The problem
Each record should be copied exactly into the answer, and no picture should go with it.

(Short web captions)
========
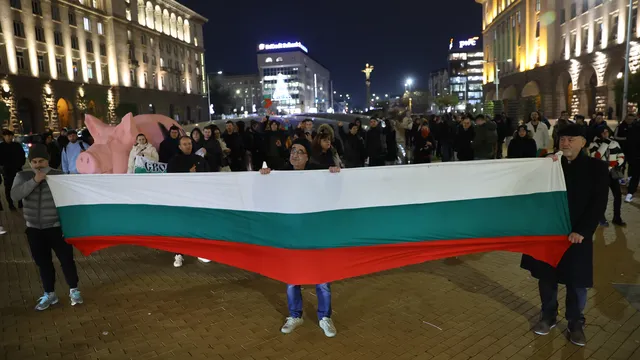 Протест пред МС със скандирания „Оставка“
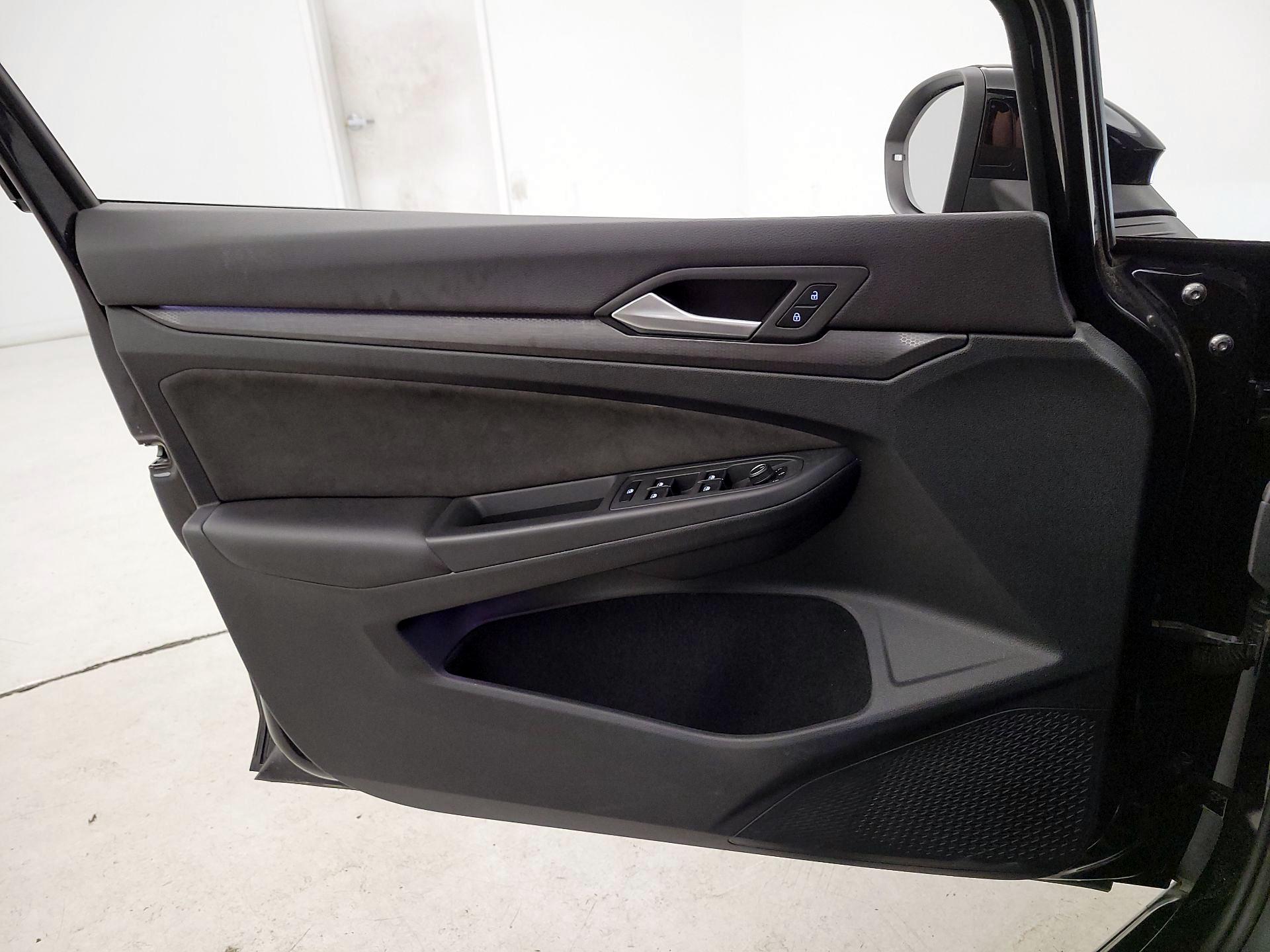 Thumbnail: 2023 Volkswagen Golf - 12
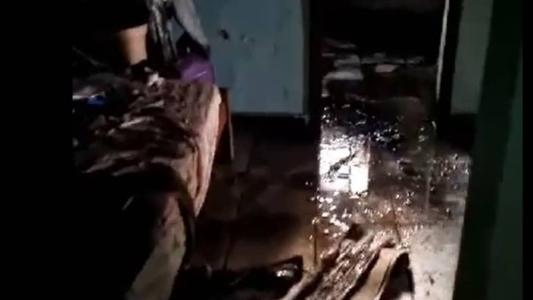 Casa pegou fogo na manhã desta quinta-feira (6) e bombeiros usaram 5 mil litros de água para controlarem as chamas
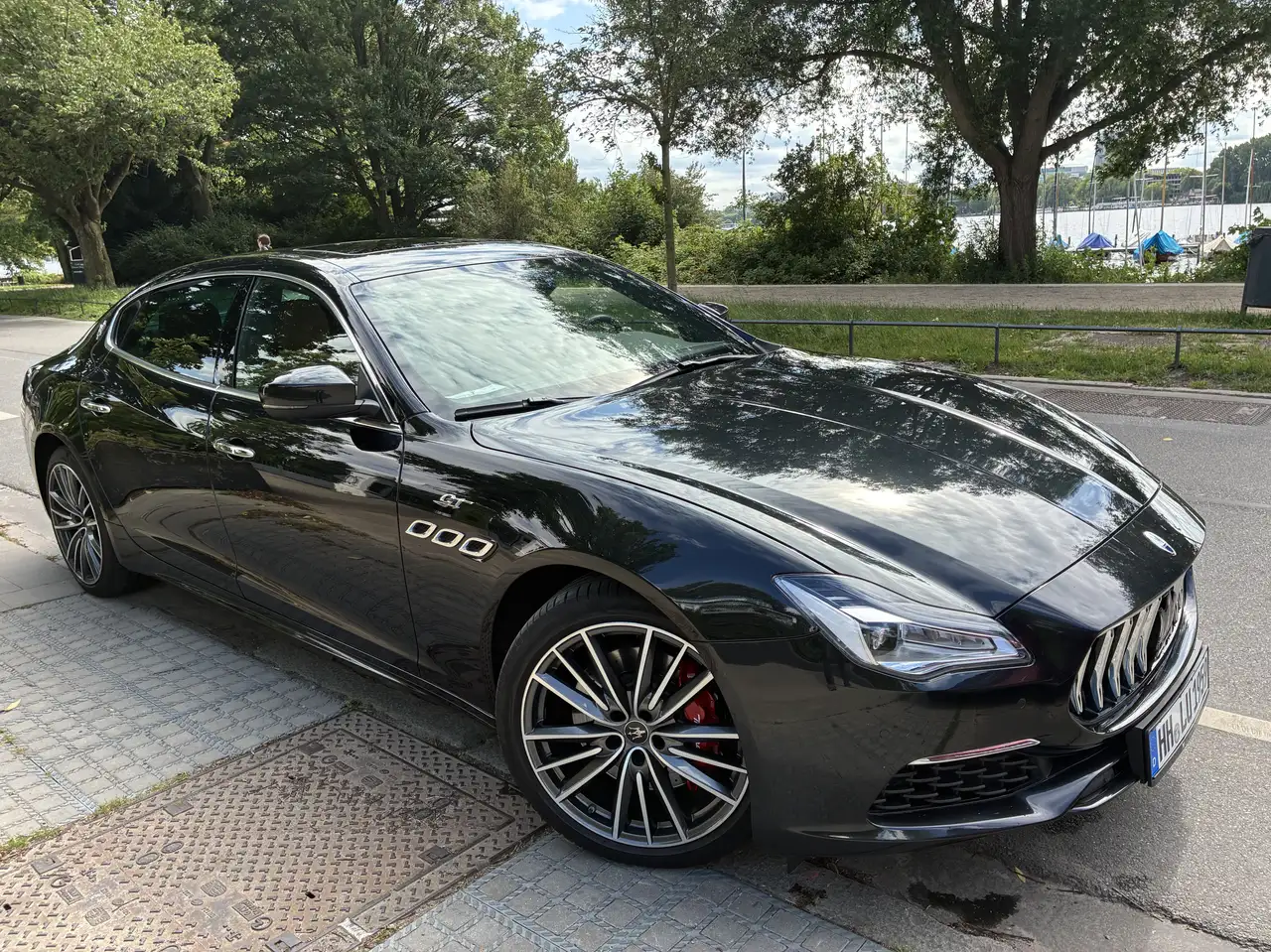 QuattroporteGT, MwSt, 8fach bereift, Facelift, Carbon, SSD etc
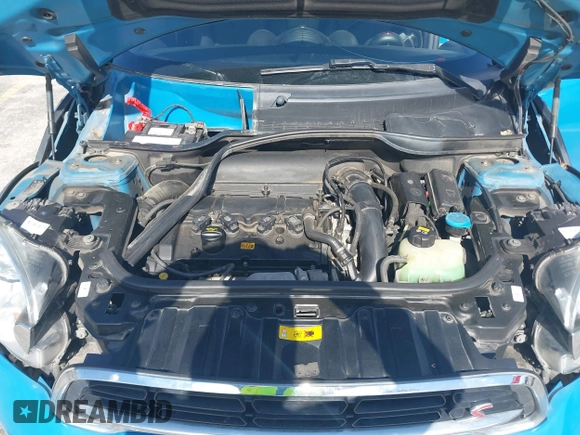 2016 MINI Countryman S with VIN WMWZC3C58GWT10084, listed as a IAAI auction lot 42895633 with 120,694 mi miles and . Bid and sale history available at DreamBid. Image 10.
========
Written answer
 Протест пред МС със скандирания „Оставка“
 Thumbnail: 2023 Volkswagen Golf - 12
 Casa pegou fogo na manhã desta quinta-feira (6) e bombeiros usaram 5 mil litros de água para controlarem as chamas
 QuattroporteGT, MwSt, 8fach bereift, Facelift, Carbon, SSD etc
 2016 MINI Countryman S with VIN WMWZC3C58GWT10084, listed as a IAAI auction lot 42895633 with 120,694 mi miles and . Bid and sale history available at DreamBid. Image 10.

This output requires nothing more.